- **WHAT IS EXPECTED**
Please retype the records below exactly as they appear, but leave out the pictures.

- **EXTRACTED RECORDS**

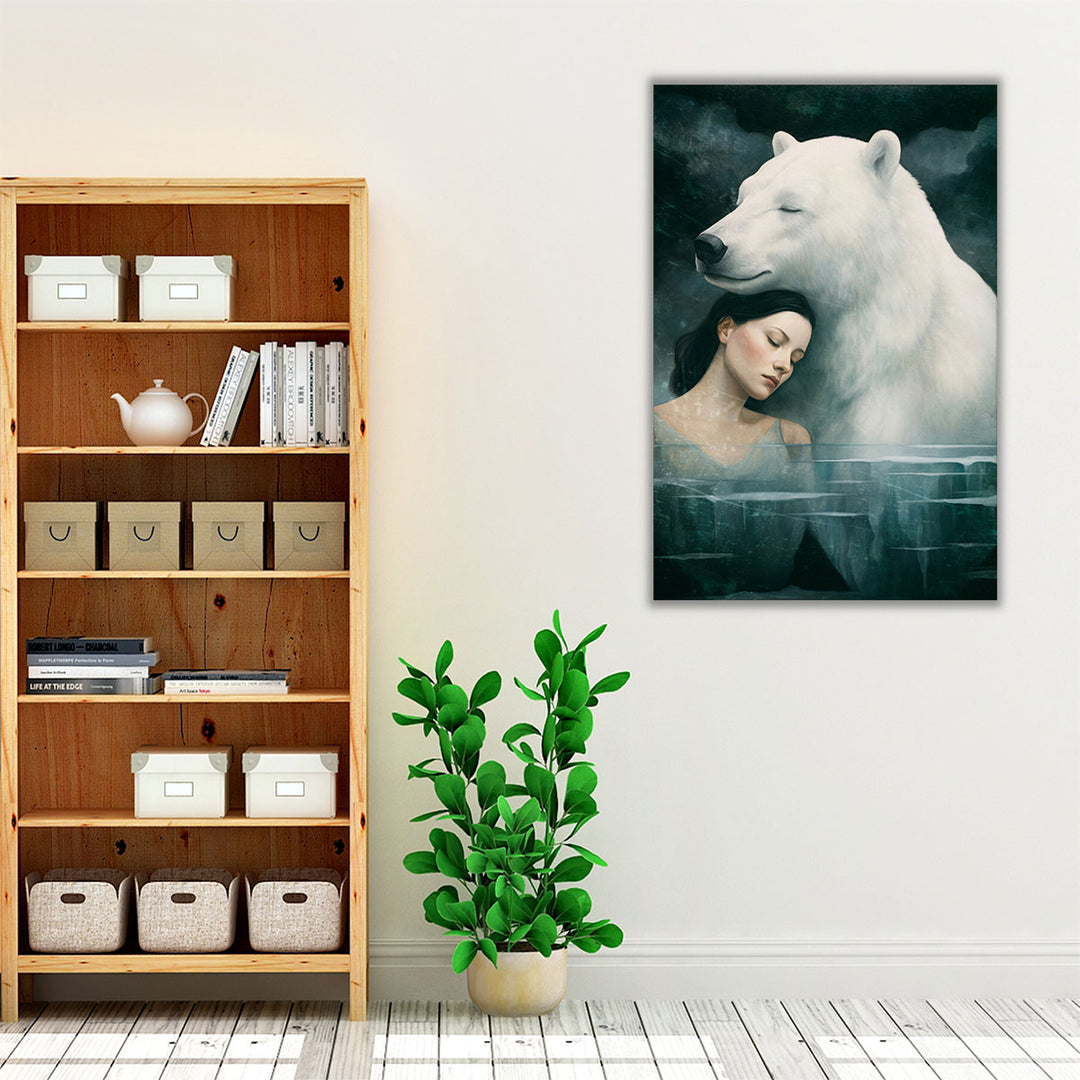 Frozen Dreams - Canvas Print Wall Art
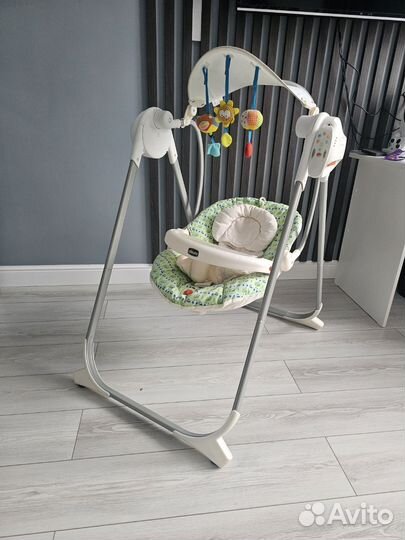 Электронная качель Chicco Polly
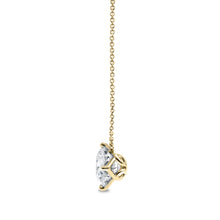 Clarity Diamond™ Signature Round Diamond Pendant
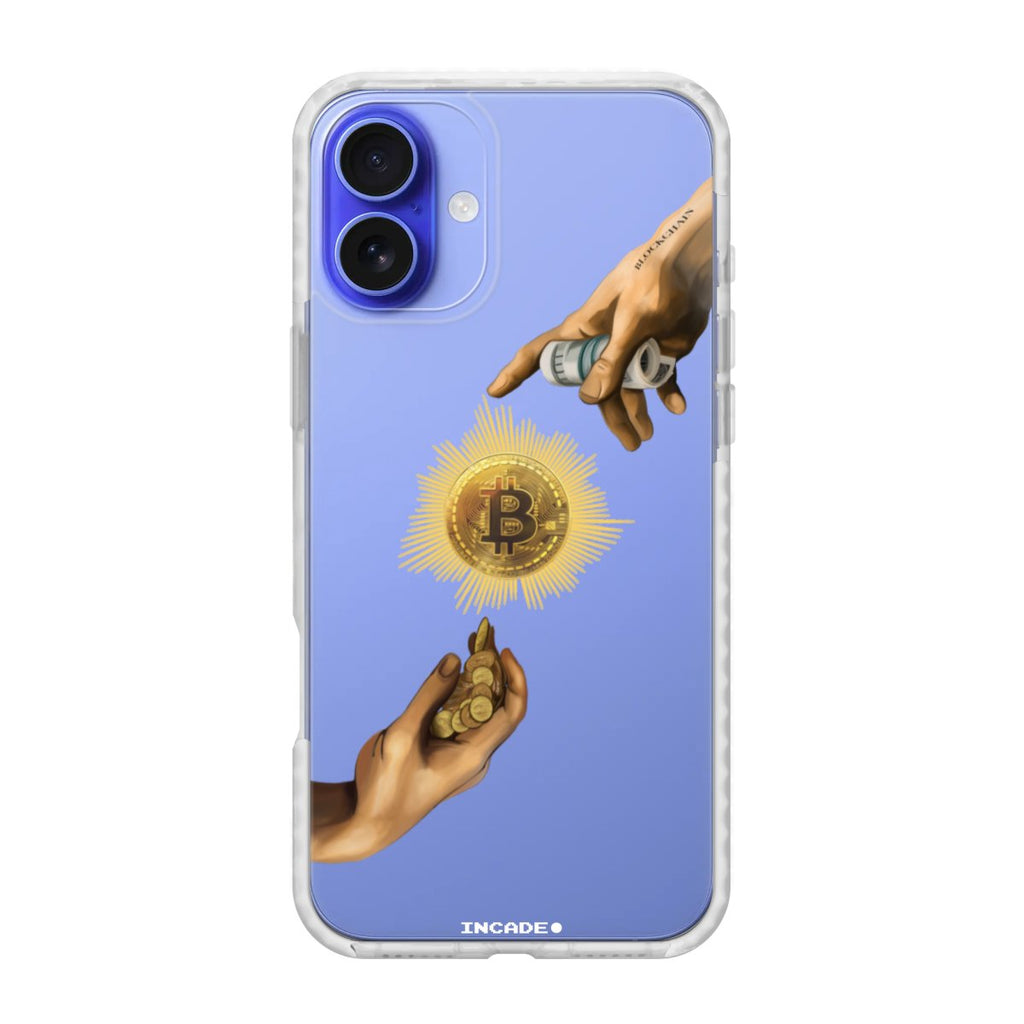 Чохол для iPhone 16 crypto god btc - INCADE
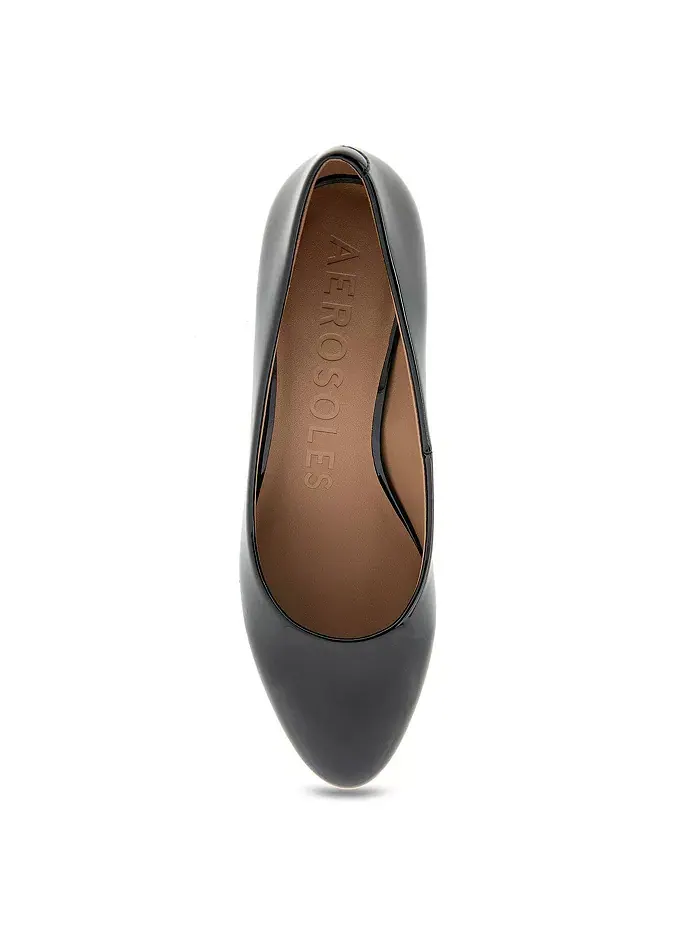 Женские балетки Iris на платформе Aerosoles — изображение 6 из 6, черный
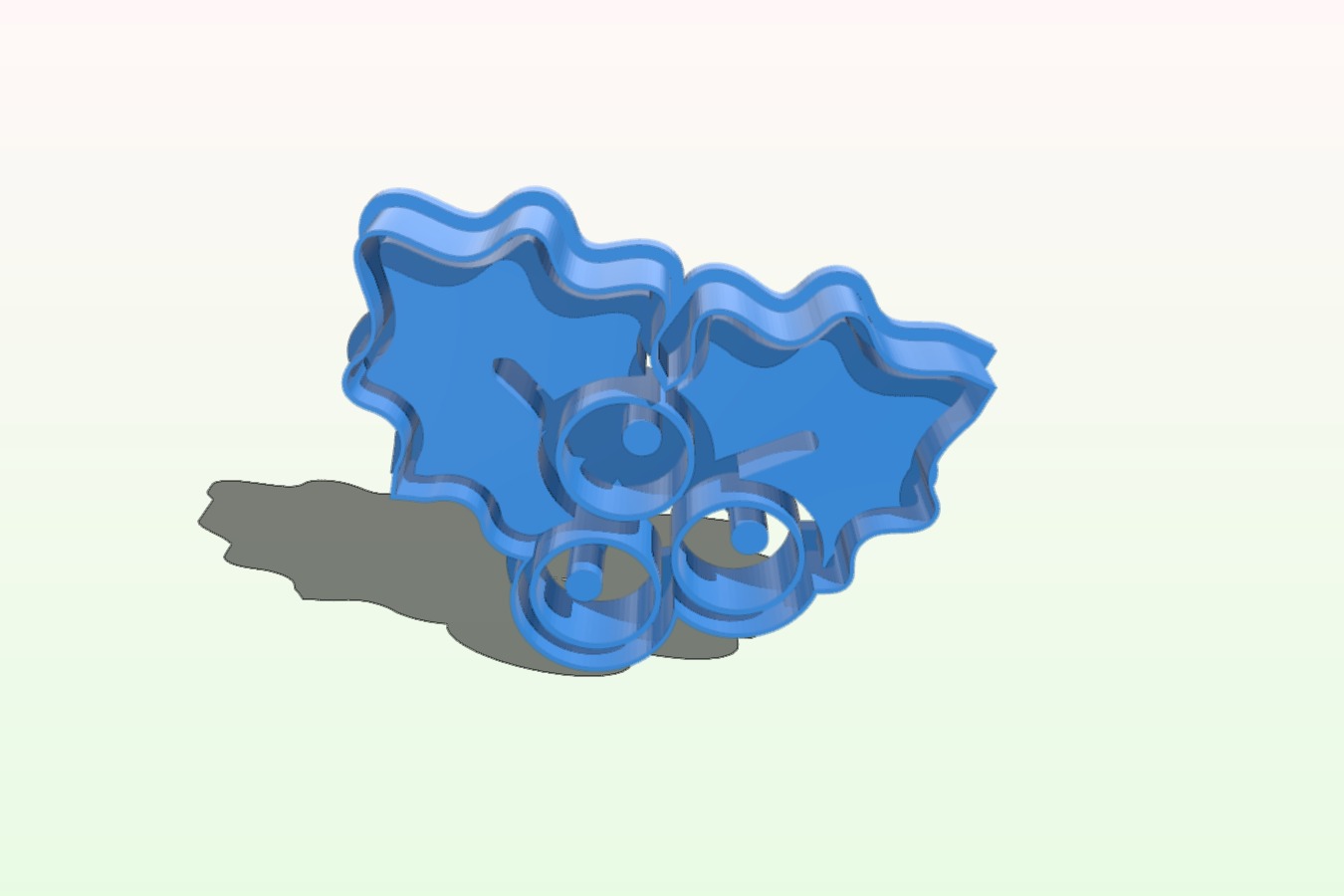 Mistletoe Cookie Cutter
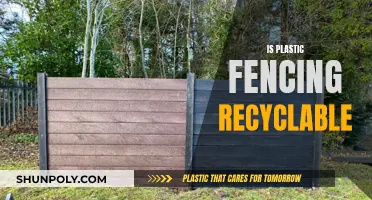 Plastic Fencing: Can It Be Recycled?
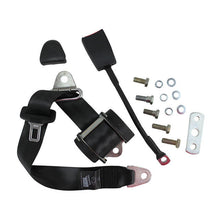 Cargar imagen en el visor de la galería, Volkswagen Beetle Universal Seat Belt - Black E-Marked, Each Volkswagen
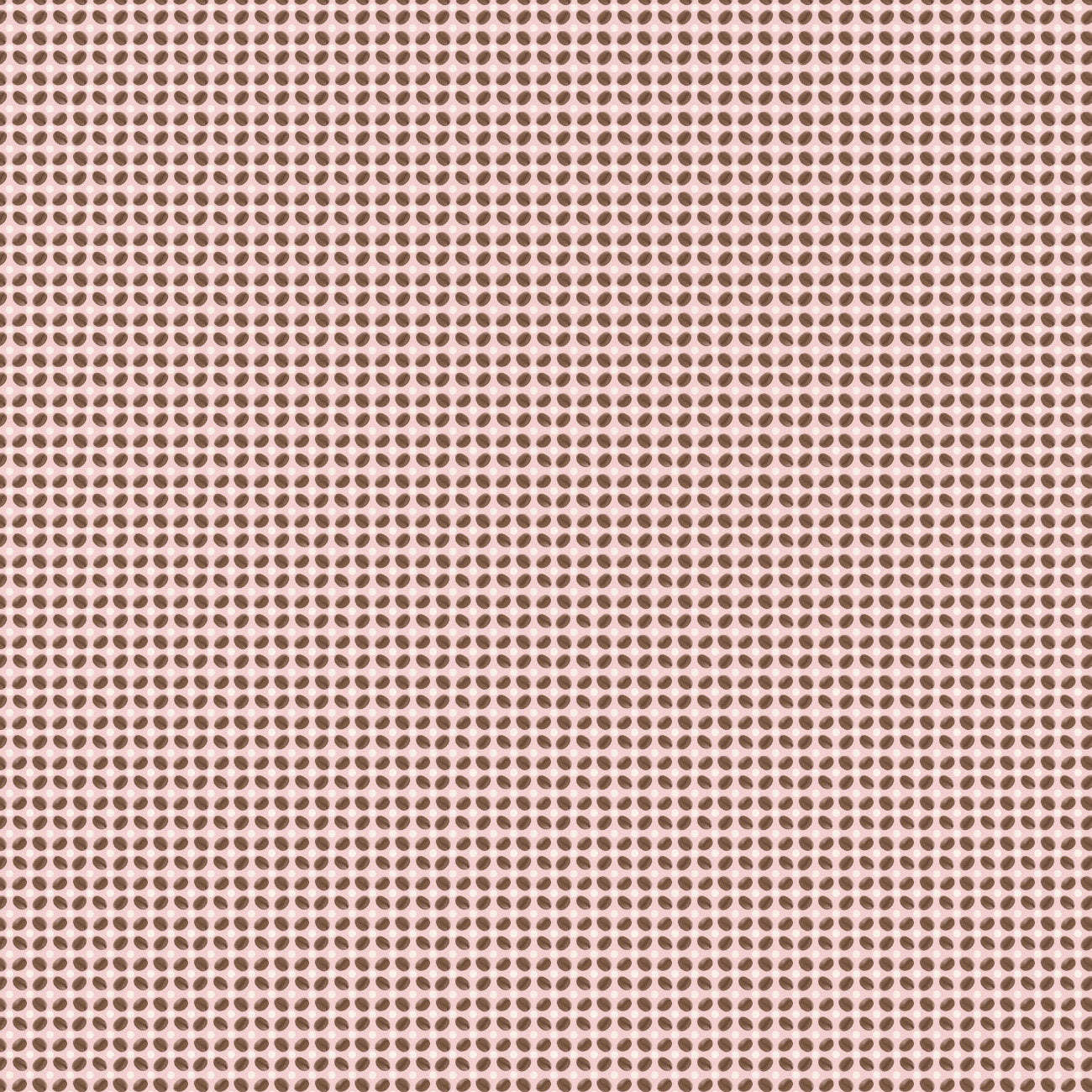 Tini Time Collection-Coffee Bean Kisses-Light Pink-100% Cotton-58250304-01
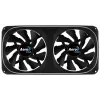 Aerocool ASTRO24 Dual Fan PC 12cm ARGB LED Antivibration Support Czarny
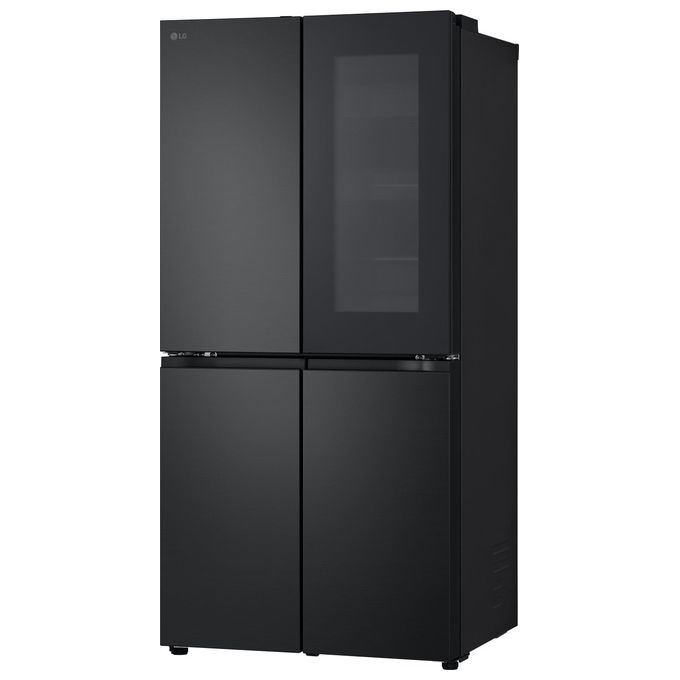 LG GMV860EPDE InstaView Frigorifero Multidoor Slim 530 L 178.7 cm Classe E 40 dB Wi-Fi Linear Cooling Total No Frost colore Nero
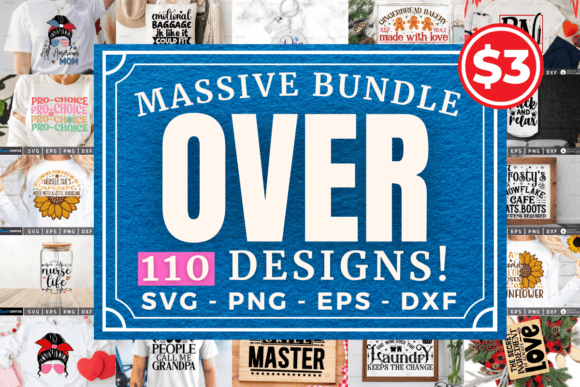 Download The Massive SVG Huge Bundle - Huge bundle Collection
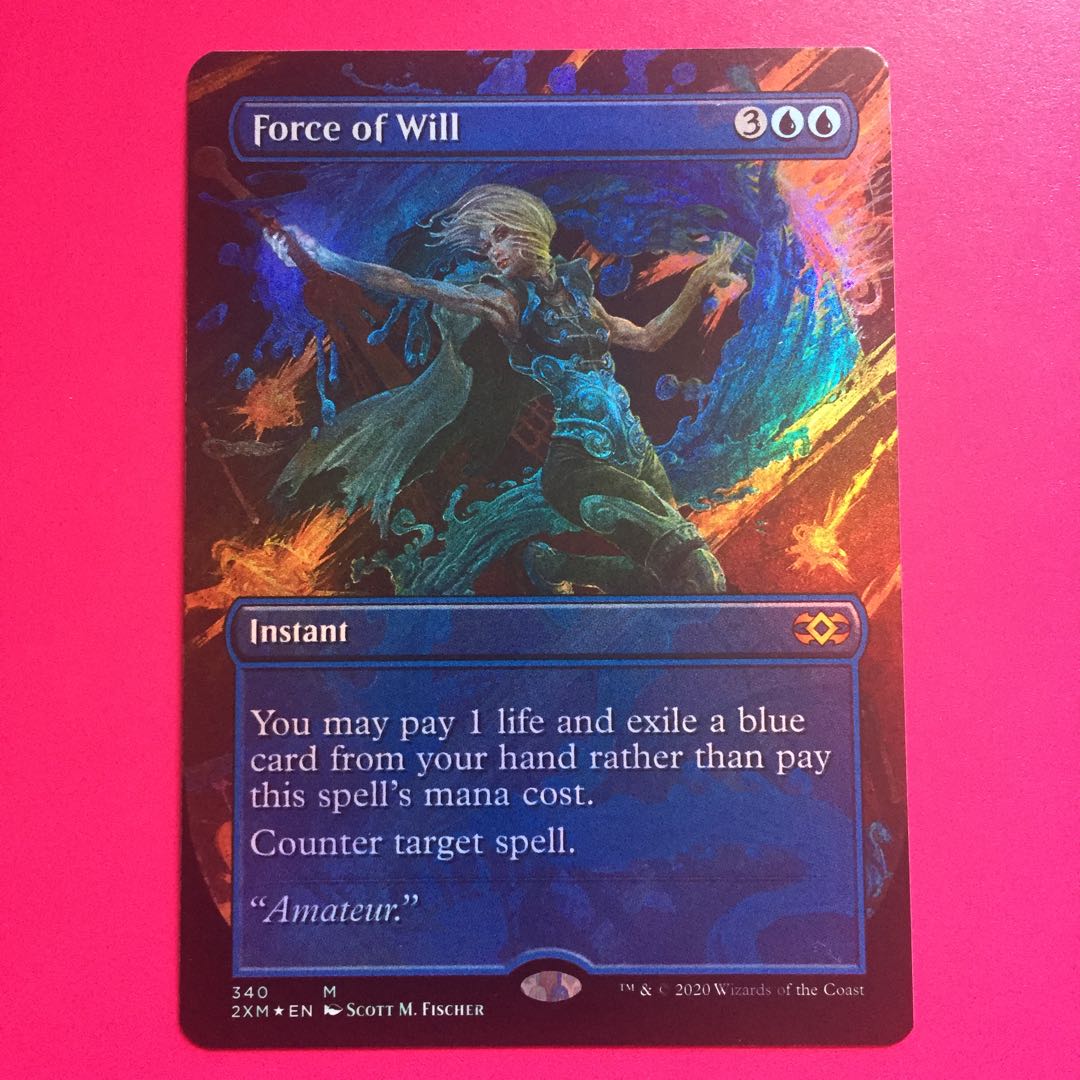 foil 英語版 意志の力 拡張版 ダブルマスターズ 4枚セット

- **FINAL ANSWER**
 Frozen Dreams - Canvas Print Wall Art
 Электронная качель Chicco Polly
 Clarity Diamond™ Signature Round Diamond Pendant
 Чохол для iPhone 16 crypto god btc - INCADE
 Женские балетки Iris на платформе Aerosoles — изображение 6 из 6, черный
 Mistletoe Cookie Cutter
 Plastic Fencing: Can It Be Recycled?
 Cargar imagen en el visor de la galería, Volkswagen Beetle Universal Seat Belt - Black E-Marked, Each Volkswagen
 Tini Time Collection-Coffee Bean Kisses-Light Pink-100% Cotton-58250304-01
 Aerocool ASTRO24 Dual Fan PC 12cm ARGB LED Antivibration Support Czarny
 LG GMV860EPDE InstaView Frigorifero Multidoor Slim 530 L 178.7 cm Classe E 40 dB Wi-Fi Linear Cooling Total No Frost colore Nero
 Download The Massive SVG Huge Bundle - Huge bundle Collection
 foil 英語版 意志の力 拡張版 ダブルマスターズ 4枚セット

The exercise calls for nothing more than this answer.